Pipeline DSL Expressions (`bv.col`)
Status: Authoritative for v0. Documents the post-13.5 target Python expression DSL. The current
python/beava/_col.pyalready implements every surface in this doc — Phase 13.5 polishes naming + cross-language parity. Last reviewed: 2026-05-03 (Phase 13.0).
Overview
bv.col(name) constructs a column-reference expression — a leaf in an
operator-overloaded AST. Composing it with arithmetic, comparison, boolean,
and method calls yields more nodes; calling .to_expr_string() (the SDK
does this implicitly at register time) emits a canonical parenthesised
string the server's expression evaluator parses back into a predicate.
The grammar is locked — the server-side parser depends on the canonical shape; SDK ports MUST produce the same string for the same Python source.
Grammar (canonical)
expr := field | literal | bin_op | unary_op | call
field := identifier | identifier "." identifier # e.g. x, Stream.x
literal := number | "'" string "'" | "true" | "false" | "null"
bin_op := "(" expr <space> op <space> expr ")" # EVERY binary op is parenthesized
op := "+" | "-" | "*" | "/" | ">" | ">=" | "<" | "<=" | "==" | "!=" | "and" | "or"
unary_op := "(" "not" <space> expr ")"
call := ident "(" expr ("," <space> expr)* ")"
String literal escaping: \\ becomes \\\\; ' becomes \\'. This is the
single mitigation point for predicate-string injection from user-supplied
strings (T-03-02-01).
bv.col(name) — column reference
import beava as bv
amount = bv.col("amount") # Field('amount')
amount.to_expr_string() # "amount"
# Qualified field reference (used when ops cross multiple upstream sources):
foreign = bv.col("Txn.amount")
foreign.to_expr_string() # "Txn.amount"
Args:
name— non-empty string.TypeErrorif absent / empty.
Returns: an _ExprAST leaf node, ready to compose with operators.
Arithmetic: + - * /
The four binary arithmetic operators are overloaded on _ExprAST and accept
either another expression or a Python scalar (auto-wrapped via bv.lit(...)):
(bv.col("a") + bv.col("b")).to_expr_string() # "(a + b)"

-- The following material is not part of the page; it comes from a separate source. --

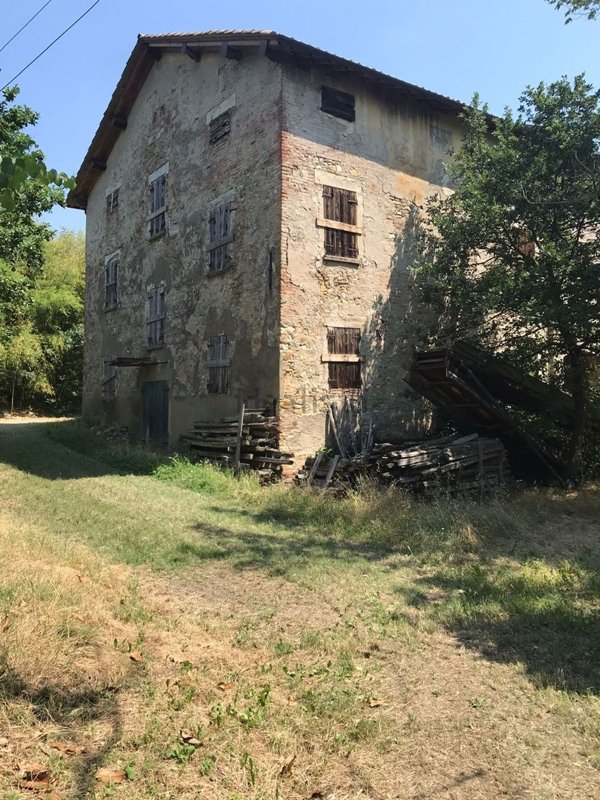 casa indipendente in vendita a Casalgrande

(bv.col("amount") * 2).to_expr_string() # "(amount * 2)"
(bv.col("amount") / 100).to_expr_string() # "(amount / 100)"
(5 - bv.col("balance")).to_expr_string() # "(5 - balance)"
Both forms (left-operand or right-operand scalar) compile correctly because
_ExprAST implements both __add__ and __radd__ (and the same for -,
*, /).
Type rules (server-side, applied at register time during schema propagation):
- Both operands must be numeric (
i64orf64);boolis NOT numeric in arithmetic context. Cast first via.cast("int"). - Division (
/) always widens tof64to avoid integer-truncation surprises. - Otherwise,
f64 + i64 → f64;i64 + i64 → i64.
Comparison: > >= < <= == !=
(bv.col("amount") > 100).to_expr_string() # "(amount > 100)"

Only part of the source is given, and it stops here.